Here’s something you may not have considered for your goals list, yet research shows it can be a benefit. How many of you said, “I’m going to step up my social media presence to better establish my academic brand and thought leadership role in my field”?

According to a 2019 research study ‘Using selfies to challenge public stereotypes of scientists,’ a team of researchers determined that “self-portraiture by STEM professionals on social media can mitigate negative attitudes toward scientists.”

The study further suggests “that scientists posting self-portraits (“selfies”) to Instagram from the science lab/field were perceived as significantly warmer and more trustworthy, and no less competent, than scientists posting photos of only their work.”

Just ask some of our scientists, like Cindy Smith (ESP), Kelly Knight (Forensic Science), Dann Sklarew (ESP), Natalie Burls (AOES), Evelyn Sander (Mathematics), Peter Plavchan (PhysAstro) or Tony Falsetti (Forensic Science) who are active on various personal and department social media channels.
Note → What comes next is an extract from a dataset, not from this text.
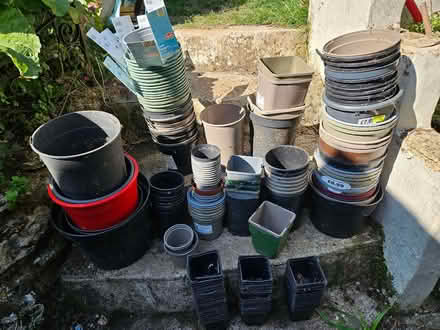 Photo of free Plant pots from 9cm up to 'big' (Randwick GL6) #1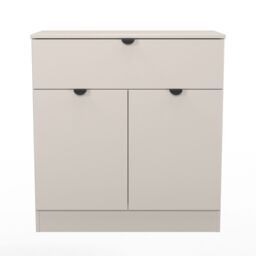 Ready Assembled 2 U Norway 1 Drawer 2 Door Sideboard (Ready Assembled) in Taupe - thumbnail 2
In fact, the study even references an element of gender diversity and inclusiveness to consider. 

Jarreau and his team also noted that those in their sample “who viewed scientist selfies, especially posts containing the face of a female scientist, perceived scientists as significantly warmer than did participants who saw science-only images or control images. Subjects who viewed female scientist selfies also perceived science as less exclusively male.”

In addition, according to the abstract, survey participants “perceived less symbolic threat from scientists. Most encouragingly, participants viewing selfies, either of male or female scientists, did not perceive scientists as any less competent than did participants viewing science-only or control images.” Rather than dumbing down our science, it makes it and us more relatable and understandable.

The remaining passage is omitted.